**Exercise aim:** An exact copy of every entry is needed, without any of the pictures.

Data for the task Block Start

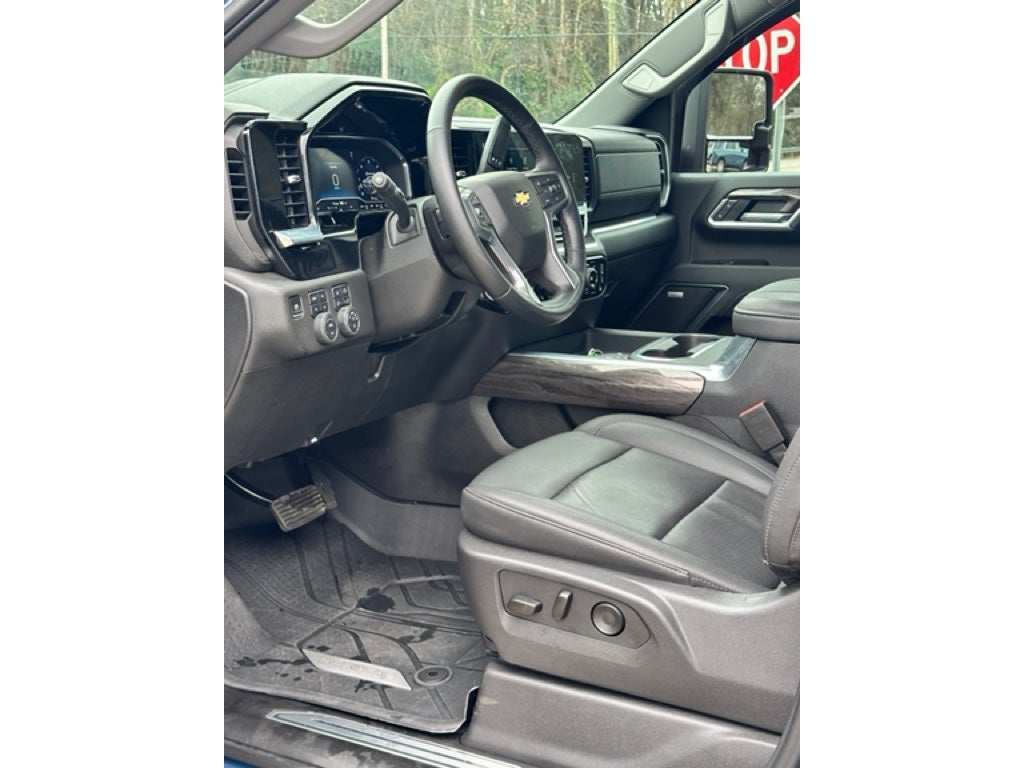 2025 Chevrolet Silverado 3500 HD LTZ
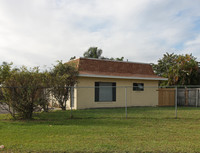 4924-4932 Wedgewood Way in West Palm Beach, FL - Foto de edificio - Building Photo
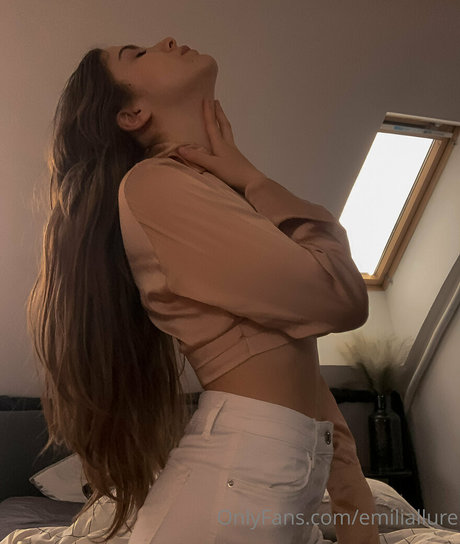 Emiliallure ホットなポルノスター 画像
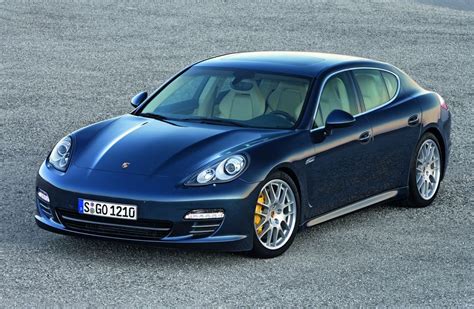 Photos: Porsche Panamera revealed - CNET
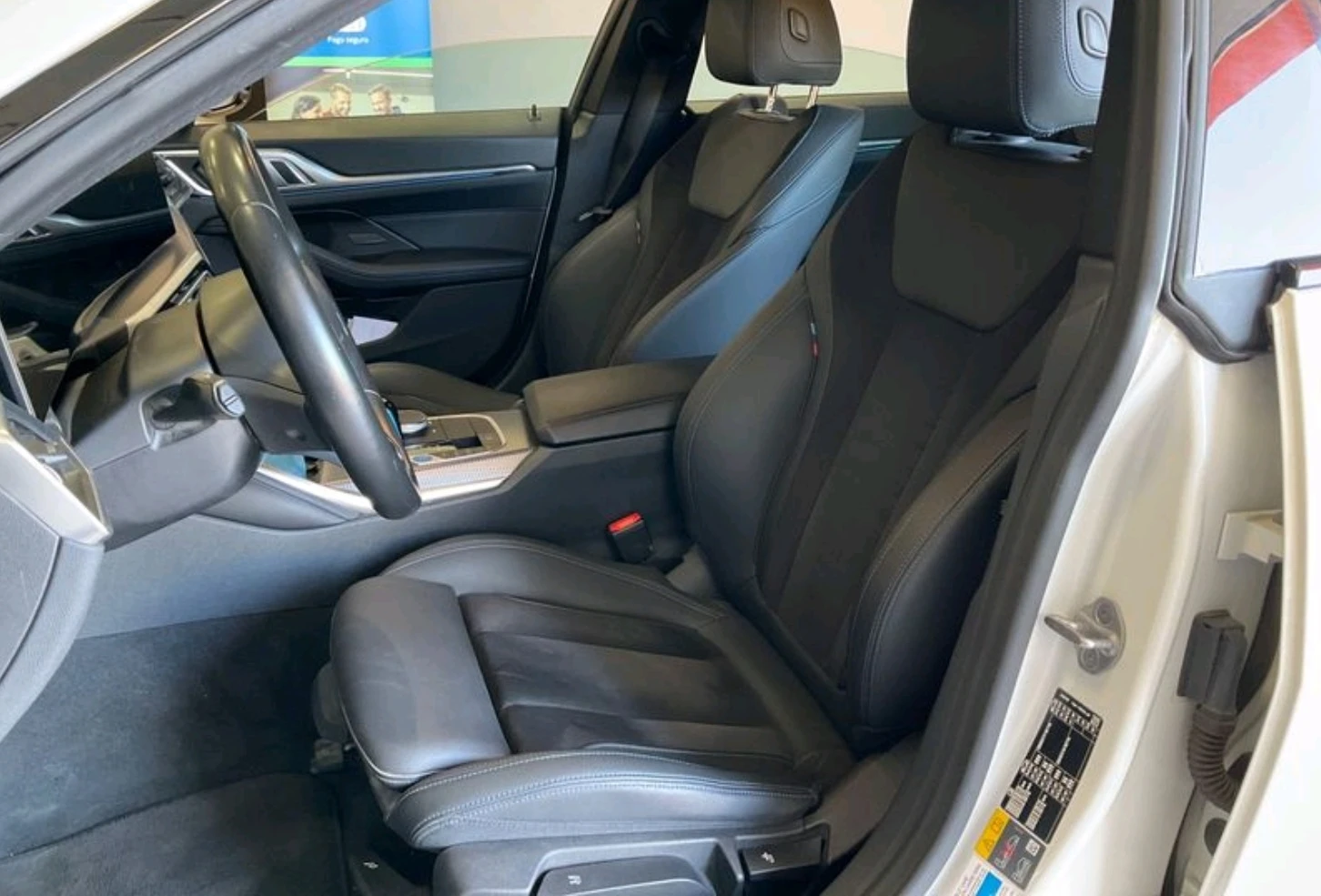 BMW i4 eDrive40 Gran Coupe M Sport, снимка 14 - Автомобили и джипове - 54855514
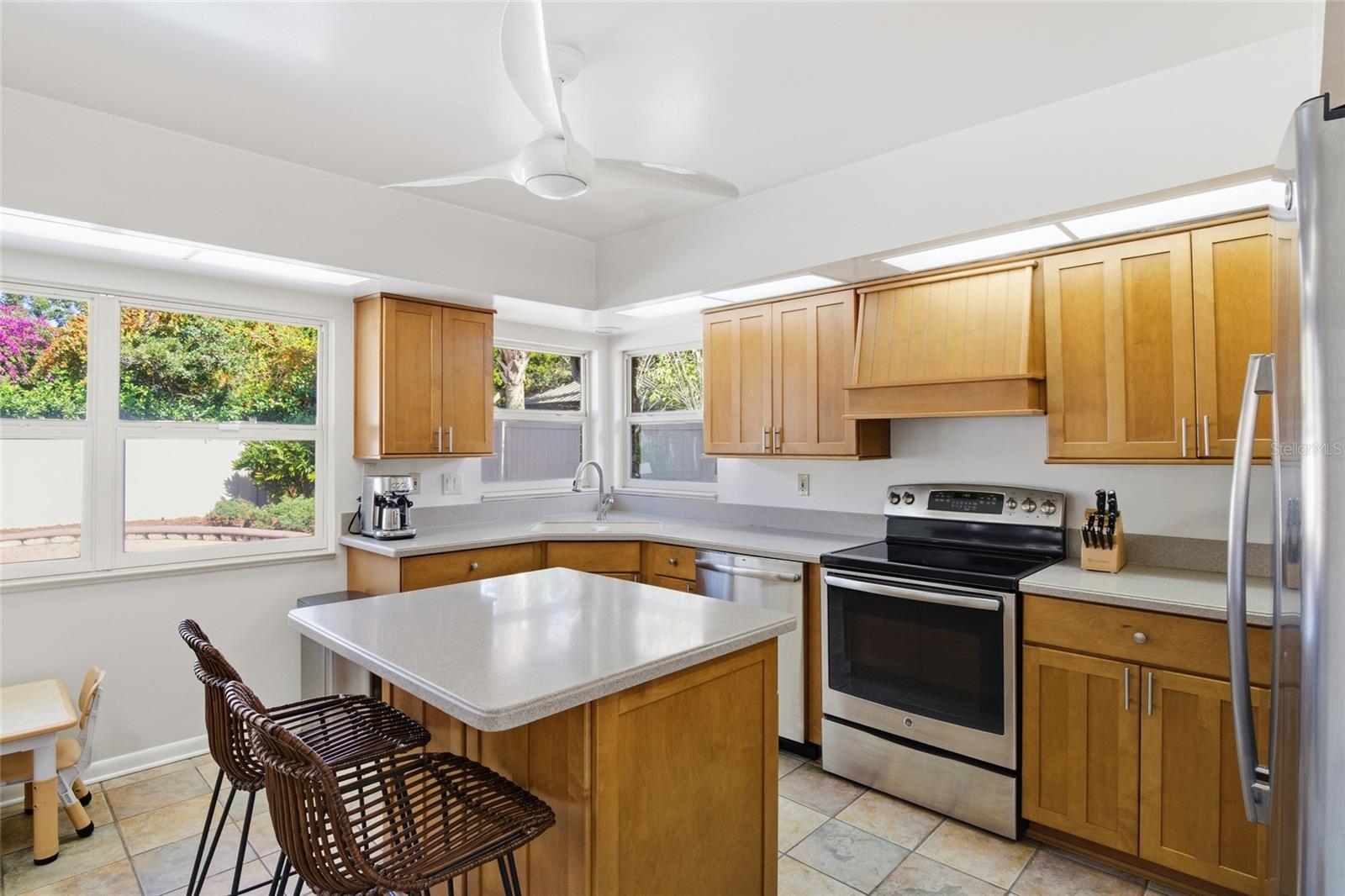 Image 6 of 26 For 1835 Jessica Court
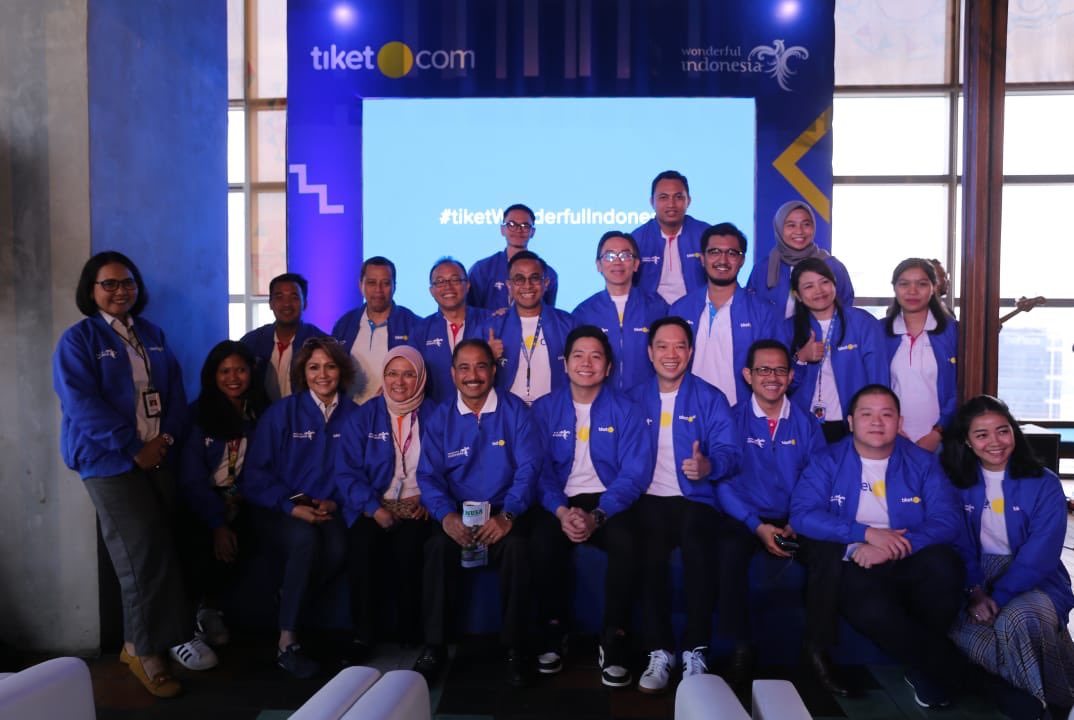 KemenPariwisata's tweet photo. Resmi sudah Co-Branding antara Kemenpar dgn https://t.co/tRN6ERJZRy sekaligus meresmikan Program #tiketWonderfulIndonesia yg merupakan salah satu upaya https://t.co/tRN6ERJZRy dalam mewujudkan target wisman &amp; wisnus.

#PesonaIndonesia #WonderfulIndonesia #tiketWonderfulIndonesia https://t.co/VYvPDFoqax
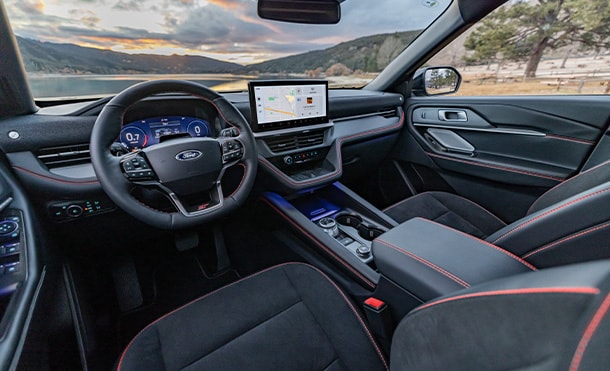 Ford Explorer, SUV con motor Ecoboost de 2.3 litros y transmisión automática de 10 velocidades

Data for the task Block End

**Answer:**
 2025 Chevrolet Silverado 3500 HD LTZ
 4924-4932 Wedgewood Way in West Palm Beach, FL - Foto de edificio - Building Photo
 Emiliallure ホットなポルノスター 画像
 Photos: Porsche Panamera revealed - CNET
 BMW i4 eDrive40 Gran Coupe M Sport, снимка 14 - Автомобили и джипове - 54855514
 Image 6 of 26 For 1835 Jessica Court
 KemenPariwisata's tweet photo. Resmi sudah Co-Branding antara Kemenpar dgn https://t.co/tRN6ERJZRy sekaligus meresmikan Program #tiketWonderfulIndonesia yg merupakan salah satu upaya https://t.co/tRN6ERJZRy dalam mewujudkan target wisman &amp; wisnus.

#PesonaIndonesia #WonderfulIndonesia #tiketWonderfulIndonesia https://t.co/VYvPDFoqax
 Ford Explorer, SUV con motor Ecoboost de 2.3 litros y transmisión automática de 10 velocidades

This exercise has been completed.